Sheldon Brown talks about this. Basically when you run an odd number on one or both it results in even wear on every tooth throughout the life of the chain. If you use even number and always put the chain on the same teeth you can wear out half the teeth at a time.


----------



## dashSC (Jan 27, 2008)

Schmucker said:


> Sheldon Brown talks about this. Basically when you run an odd number on one or both it results in even wear on every tooth throughout the life of the chain. If you use even number and always put the chain on the same teeth you can wear out half the teeth at a time.


Hmm, never thought about that. Good thing to keep in mind, especially since my 32:20 is a bit too spinny for around here. Maybe I'll step up one. 
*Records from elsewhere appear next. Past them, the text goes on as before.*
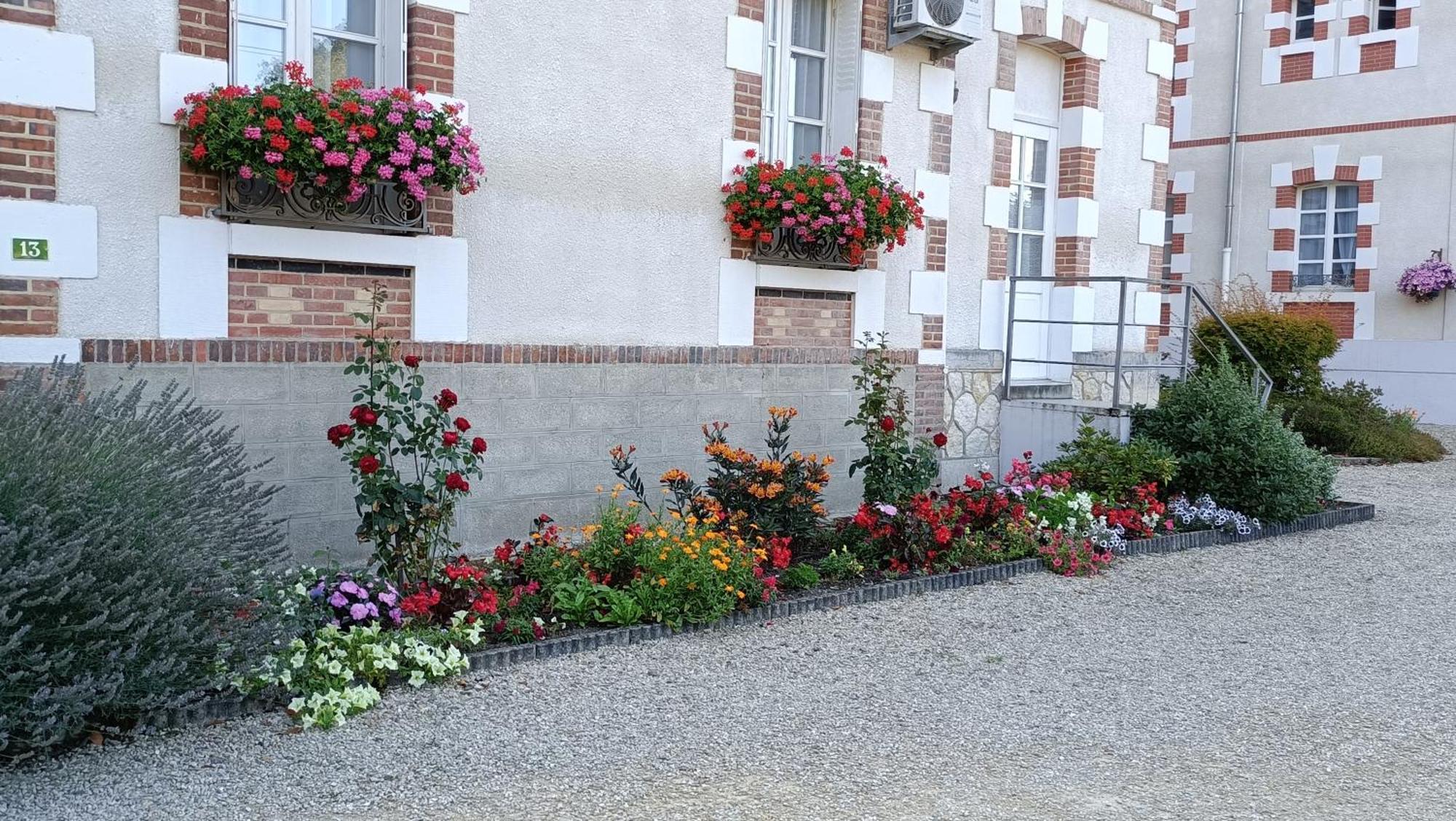 Domaine De Croix En Sologne Apartment Neuvy-sur-Barangeon Exterior photo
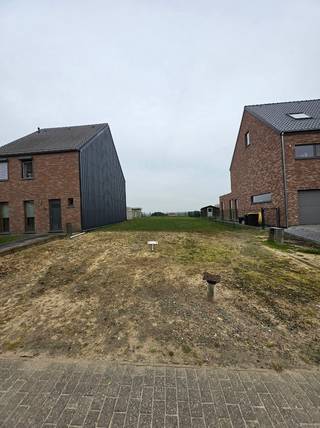 Cette parcelle à bâtir, idéalement située pour une maison 3 façades, se trouve dans la Dorpstraat à Ransberg, un noyau villageois verdoyant...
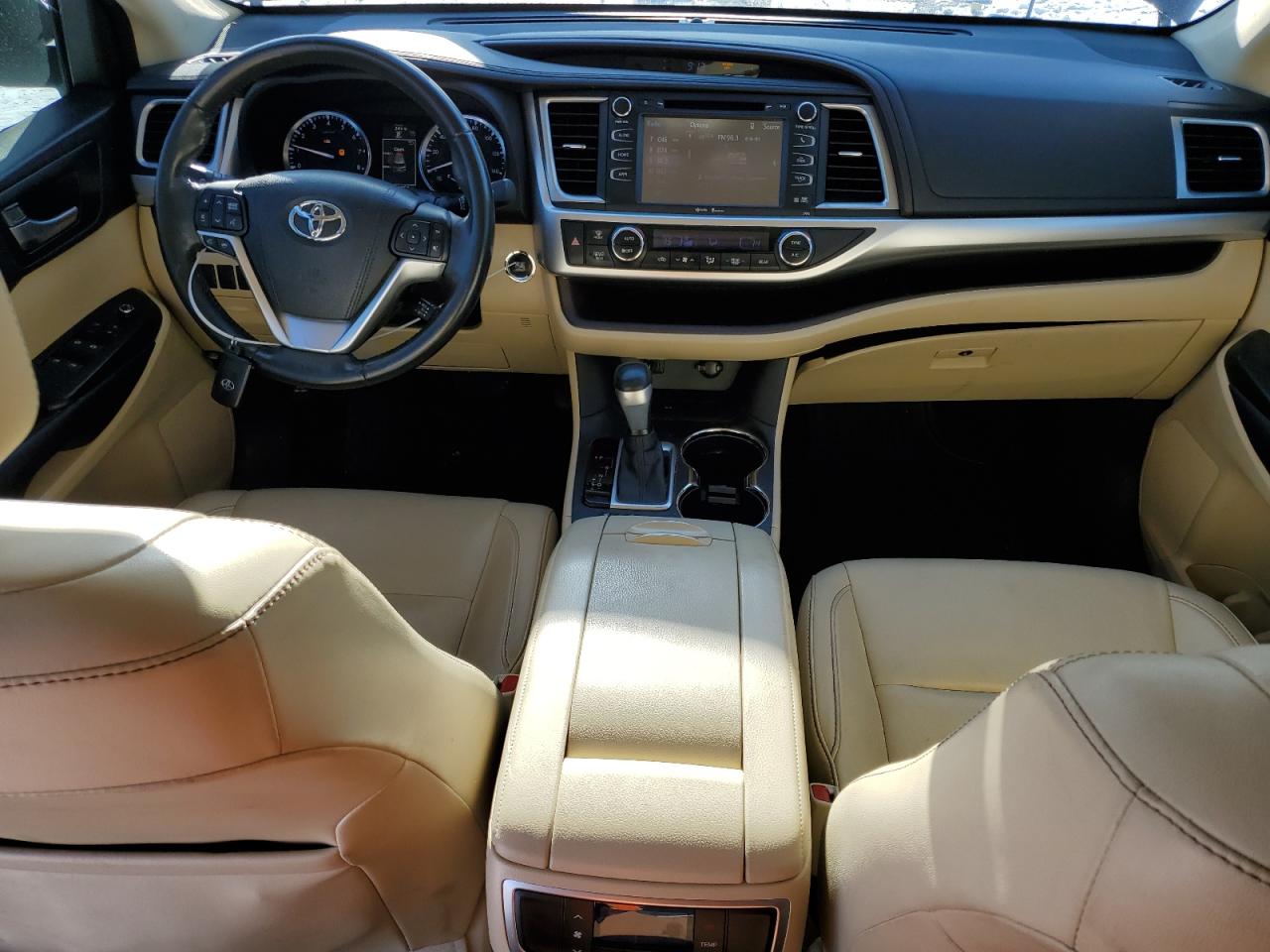 2015 Toyota Highlander - Image 8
Also, I know it makes a difference when riding a fixie, as the number of 'skid patches' [also on Sheldon's site]. Even numbered cogs on front and back lead to fewer skid patches in general.


----------



## DanD (Jan 15, 2004)

dashSC said:


> Hmm, never thought about that. Good thing to keep in mind, especially since my 32:20 is a bit too spinny for around here. Maybe I'll step up one.
> 
> Also, I know it makes a difference when riding a fixie, as the number of 'skid patches' [also on Sheldon's site]. Even numbered cogs on front and back lead to fewer skid patches in general.


I learned the fixie thing the hard way, some even:even gear ratios can really destroy a tire. I think number of skid patches is equal to the lowest common denominator of the cog and chainring. When I was running 48:16 it took no time to wear the tire bald in the 3 spots.


----------



## Cygnus (Jan 7, 2004)

*prime numbers*

i'm running a 19 tooth eno freewheel. i like prime numbers on my freewheels.

SS math.


----------



## Wrex Everything (Oct 29, 2006)

Schmucker said:


> Sheldon Brown talks about this. Basically when you run an odd number on one or both it results in even wear on every tooth throughout the life of the chain. If you use even number and always put the chain on the same teeth you can wear out half the teeth at a time.


Sooo, if anything, am I hearing that it's _actually a good idea_ to go odd-numbered on your cog/freewheel?


----------



## Velobike (Jun 23, 2007)

I like prime numbers too. 

Prime numbers mean the wear gets spread better and not localised.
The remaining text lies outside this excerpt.